In this article, we take a look at what was decided in Neocleous v Rees [2019] EWHC 2462(Ch) and how the Courts regarded email footers in creating legally binding contracts for the sale of property.

The Law of Property (Miscellaneous Provisions) Act 1989

It is section 2 of The Law of Property (Miscellaneous Provisions) Act 1989 (“LP(MP)A”) that provides the requirements for a contract for the disposition of an interest in land. It states the following:

Section 2. Contracts for sale etc. of land to be made by signed writing

  1. A contract for the sale or other disposition of an interest in land can only be made in writing and only by incorporating all the terms which the parties have expressly agreed in one document or, where contracts are exchanged, in each.
  2. The terms may be incorporated in a document either by being set out in it or by reference to some other document.
  3. The document incorporating the terms or, where contracts are exchanged, one of the documents incorporating them… must be signed by or on behalf of each party to the contract.

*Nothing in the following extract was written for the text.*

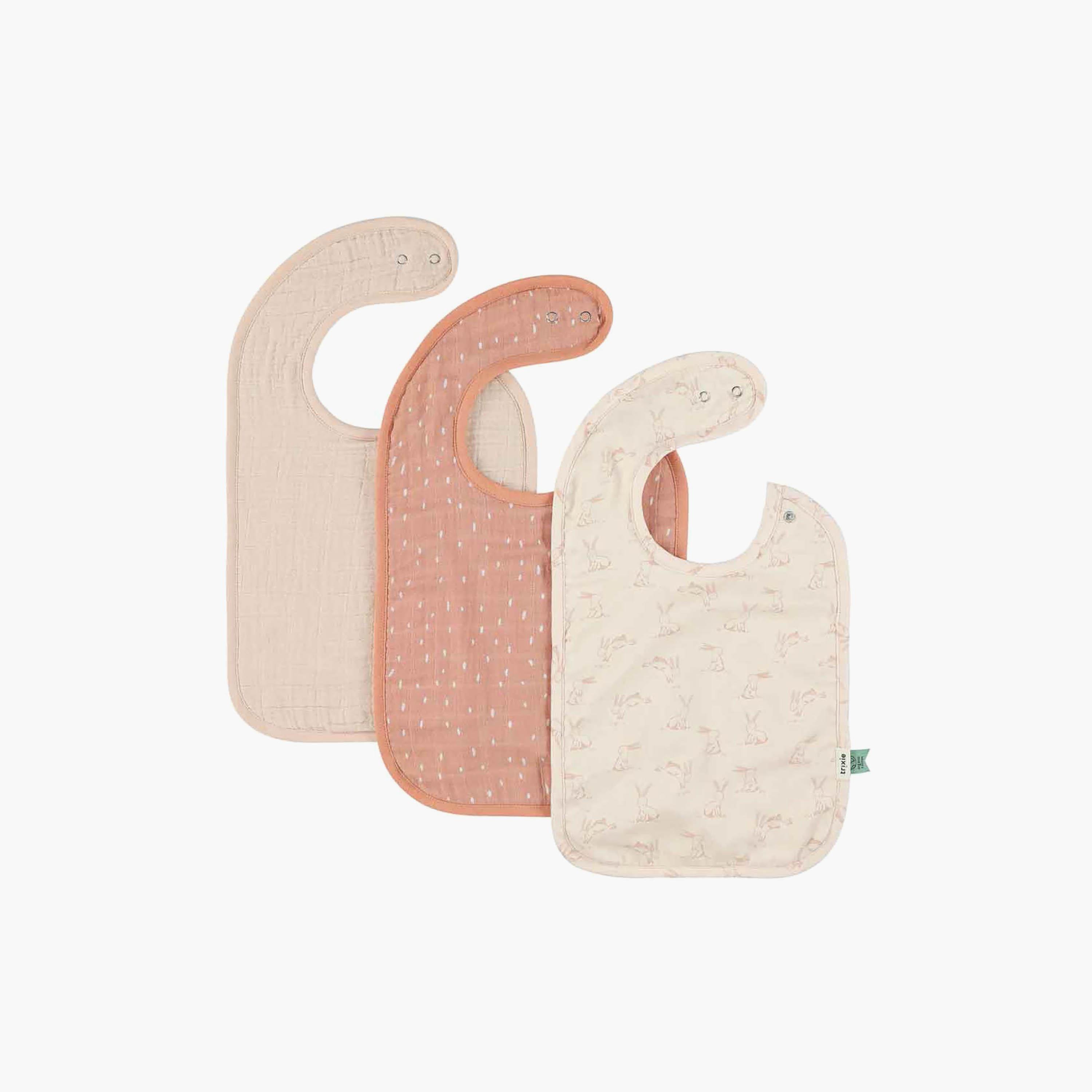 طقم مريلة أطفال قطن عضوي بتصميم روزي رابيت 3 قطع من تريكسي-baby-feeding-bibs-image-1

The title to section 2 refers to “signed writing,” and this is further elaborated upon in sub-sections (1) and (3) where it states that the contract must be made in writing and must be signed. However, what does “signed writing” mean in today’s modern times?

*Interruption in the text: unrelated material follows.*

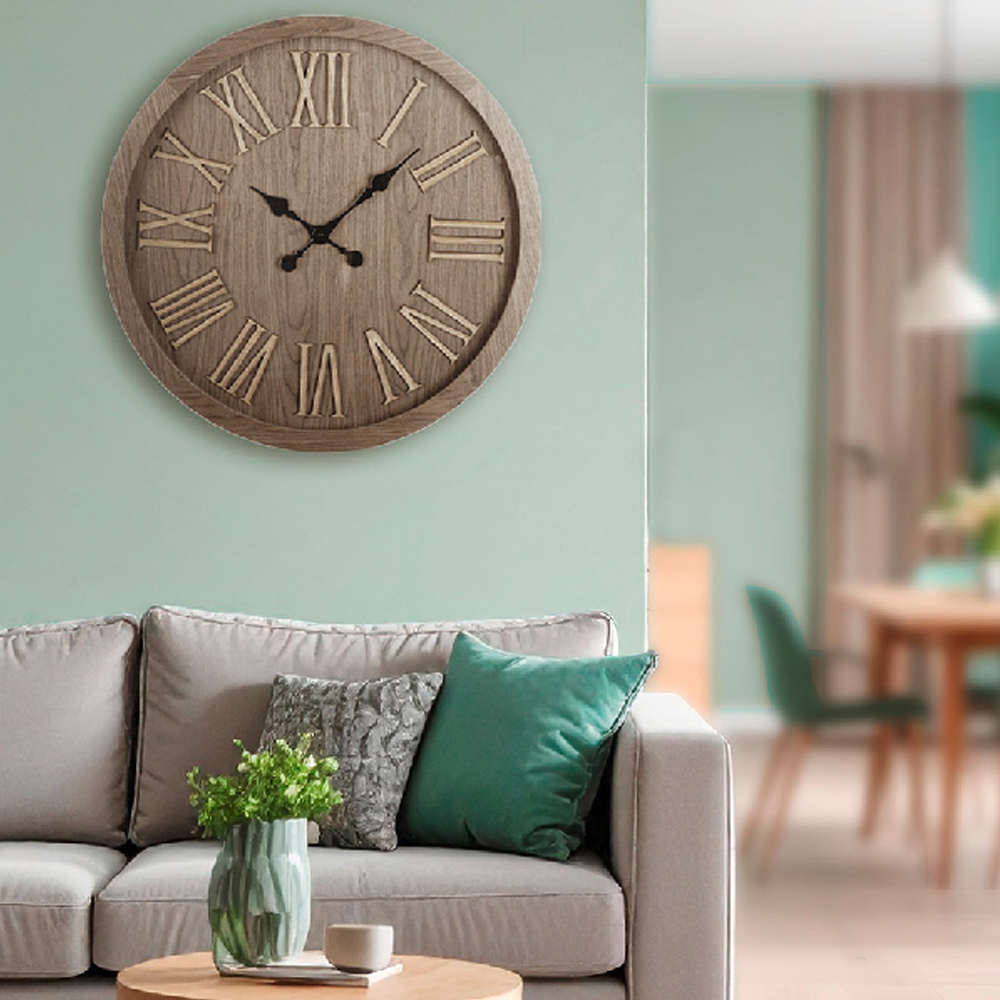 Chantilly Wooden Wall Clock In Matt Brown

The Law Commission says that electronic signatures can be used to execute documents. On the basis that “writing” can include electronic communications such as email, would an email footer suffice to constitute signing? This was considered in Neocleous.

Neocleous v Rees [2019] EWHC 2462(Ch)

In Neocleous, the parties came to a settlement to resolve some existing rights of way litigation – one such term of the proposed settlement was that Ms Rees would purchase a small parcel of land from Mr and Mrs Neocleous. Given that this was a transfer of land, Section 2 of the LP(MP)A had to be complied with in order for there to be a valid disposition.

The sale was not documented in any conventional form of written settlement agreement. However, the lawyers did exchange the following emails:

  1. Ms Rees’s lawyer to Mr and Mrs Neocleous’s lawyer setting out the principal terms of the intended settlement. Such email also invited confirmation that those were agreed; and
  2. a reply from the Neocleous’s lawyer confirming that he agreed with the terms of their email.

Ms Rees later decided that she no longer wished to proceed with the purchase of land; her lawyer argued that there was no binding agreement in respect of this. Mr and Mrs Neocleous maintained, however, that the email exchange between the lawyers were tantamount to a legally binding contract as the automatically generated email footers from each lawyer (which stated their name, position, firm and contact details) constituted signatures for the purposes of Section 2(3) of the LP(MP)A.

Does email footer = signature?

The Courts in Neocleous held that the email footer of Ms Rees’ lawyer did, in fact, render a signing for the purposes of Section 2(3) of the LP(MP)A.

It was further held that, although the email footer was an automatically generated one (i.e., added to every email sent by that lawyer), to apply the rule that a footer of this nature must be added to every email would have to involve the conscious and deliberate act of application in the relevant setting in Microsoft Outlook. The very fact that the lawyer had manually typed ‘many thanks’ at the end of the email was found by the Courts to be further “authenticating intent” that he was relying on the automatic footer to sign off his name. As such, the email exchange between the lawyers was found to have formed a legally binding contract of sale of land.

The Courts further added that the ordinary person would regard an automatically generated email footer as a contractual signature, holding that:

"Many an "ordinary person" would consider that what is produced when one stores a name in the Microsoft Outlook "Signature" function with the intent that it is automatically posted on the bottom of every email is indeed a "signature" … In the current age, that would in my judgment be capable of encompassing the wording of the footer to Mr Tear’s email."

Consequently, the Courts held that email footers, regardless of whether they are automatic, are capable of amounting to signed writing such that the lawyer had indeed signed the email on behalf of his client, thereby establishing a legally binding contract.